July 8th, 2004



Hortus in Haren
To the Secret World of Ming
Glory long since lost

When we went on the Kamakura Walking Tour back on our honeymoon in September, arnoudens mentioned the "Tuinen van Ming" in Hortus Haren after he saw the pictures. So it was still on our list of things to see and do.
When we were drawing up a program of what to do this week, the Groninger Museum came up -- and I accosted ankie via MSN to ask her whether she knew anything about the museum and the Gardens of Ming. To my surprise, she said that the Ming-gardens were within walking distance from her parents' house. So I ask her to serve as our guide for the day, and she graciously accepted the challenge!

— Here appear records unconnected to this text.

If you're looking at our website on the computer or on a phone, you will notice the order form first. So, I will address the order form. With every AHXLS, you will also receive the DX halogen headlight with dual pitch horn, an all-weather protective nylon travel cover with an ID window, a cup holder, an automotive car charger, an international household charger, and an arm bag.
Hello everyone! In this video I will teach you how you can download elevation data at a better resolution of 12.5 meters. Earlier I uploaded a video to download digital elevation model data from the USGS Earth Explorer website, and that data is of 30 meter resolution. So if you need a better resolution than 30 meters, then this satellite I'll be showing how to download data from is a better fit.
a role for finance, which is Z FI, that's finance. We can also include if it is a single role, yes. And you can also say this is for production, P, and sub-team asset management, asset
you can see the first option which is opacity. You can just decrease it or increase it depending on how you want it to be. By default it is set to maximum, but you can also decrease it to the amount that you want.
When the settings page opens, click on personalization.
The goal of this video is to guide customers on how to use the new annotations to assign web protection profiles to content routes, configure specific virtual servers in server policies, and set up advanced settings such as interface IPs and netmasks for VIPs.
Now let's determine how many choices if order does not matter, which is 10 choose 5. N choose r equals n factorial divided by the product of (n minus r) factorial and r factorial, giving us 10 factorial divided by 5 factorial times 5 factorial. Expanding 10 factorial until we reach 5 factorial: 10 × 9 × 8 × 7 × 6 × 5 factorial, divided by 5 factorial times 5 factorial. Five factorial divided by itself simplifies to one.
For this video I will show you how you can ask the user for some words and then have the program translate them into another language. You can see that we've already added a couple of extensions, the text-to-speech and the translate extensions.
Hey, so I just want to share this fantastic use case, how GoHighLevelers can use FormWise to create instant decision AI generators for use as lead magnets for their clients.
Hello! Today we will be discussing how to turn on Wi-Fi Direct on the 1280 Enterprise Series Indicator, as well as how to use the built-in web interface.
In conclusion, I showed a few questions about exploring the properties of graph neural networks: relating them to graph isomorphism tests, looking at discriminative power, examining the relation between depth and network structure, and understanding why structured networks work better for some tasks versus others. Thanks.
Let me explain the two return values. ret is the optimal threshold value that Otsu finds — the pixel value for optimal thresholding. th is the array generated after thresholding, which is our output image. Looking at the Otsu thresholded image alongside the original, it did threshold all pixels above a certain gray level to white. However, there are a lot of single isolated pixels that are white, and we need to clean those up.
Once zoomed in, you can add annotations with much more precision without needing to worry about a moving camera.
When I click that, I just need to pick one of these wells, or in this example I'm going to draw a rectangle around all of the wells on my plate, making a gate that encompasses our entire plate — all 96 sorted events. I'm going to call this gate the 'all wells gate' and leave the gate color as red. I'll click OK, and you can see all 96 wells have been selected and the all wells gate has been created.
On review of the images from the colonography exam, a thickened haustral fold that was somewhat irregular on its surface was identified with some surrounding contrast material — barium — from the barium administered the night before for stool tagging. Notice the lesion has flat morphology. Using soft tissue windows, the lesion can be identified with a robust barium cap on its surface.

Yesterday was the day. We had planned to be on the road at 08:00, but it turned out that we couldn't drag our sorry asses out of bed on time. We left one hour late, but that wasn't too much of a problem for ankie. After taking the scenic route (read: we got a bit lost and saw quite a bit of Haren) we arrived at her parents' house. We were received very hospitably, and ankie's mother explained a bit about the history of the Hortus. It seems the Hortus (short for "Hortus Botanicus", 'botanical garden' in Latin) is struggling to keep from going under.
We had a nice stroll through Haren (the Wassenaar of the North, apparently -- I should have worn a polo shirt with the collar turned up!) and ended up at the Hortus. We went straight for the greenhouse, and found out that a lot of areas had already been cleared out because there was too little money to properly maintain those areas. Biggest hit were the insect-displays (roaches! spiders! [though spiders aren't insects, as everyone knows] preying mantises!).
There were also a lot of parrots around. Parrots that were abandoned or living in squallid conditions were rescued and placed in cages in the part of the greenhouse that showed their natural biotopes. They seemed remarkably content, though the whole greenhouse breathed an atmosphere of decaying glory: parts of the greenhouse weren't maintained all that well, some parts had been cleared...

After doing the tour of the greenhouse, we went into the 'Secret World of Ming', a small park built in the style of the townhouse of a civil servant in China -- presumably in the Ming period, which would make not quite the right period for Judge Dee, but close enough!
The buildings and structural elements were wonderful: the (handmade!) mosaics on the floor, the cloisters, the waterfall, the buildings, the bridges (one of which had a bend in the middle of the water. There's this superstition that evil spirits can cross water only in a straight line, so a bend in the bridge fixes that quite nicely), the water. But the garden itself was nothing special, it even seemed a little un-kempt. Lots of (low-maintenance) shrubbery that had started to grow just a little out of control, hardly any flowers. We did get some wonderful ideas for our own (future) garden, though!
We had tea at the Ming teahouse (named 'The groaning of the dragon'...) and then went to the train station to catch a train to Groningen.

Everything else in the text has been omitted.